• What this task involves
Aside from the pictures, copy the listing exactly.

• Data provided
....

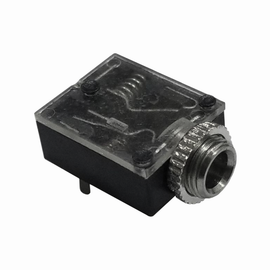 JACK 3.5mm STÉREO PARA CHASIS  RADOX   705-525 - Hergui Musical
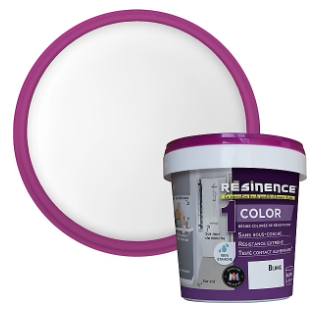 Résine multisupports Résinence Color blanc satin 250ml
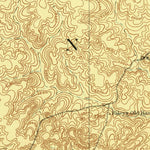 United States Geological Survey Fort Mckavett, TX (1893, 125000-Scale) digital map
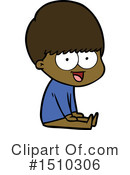 Boy Clipart #1510306 by lineartestpilot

....

• Exercise result
 JACK 3.5mm STÉREO PARA CHASIS  RADOX   705-525 - Hergui Musical
 Résine multisupports Résinence Color blanc satin 250ml
 United States Geological Survey Fort Mckavett, TX (1893, 125000-Scale) digital map
 Boy Clipart #1510306 by lineartestpilot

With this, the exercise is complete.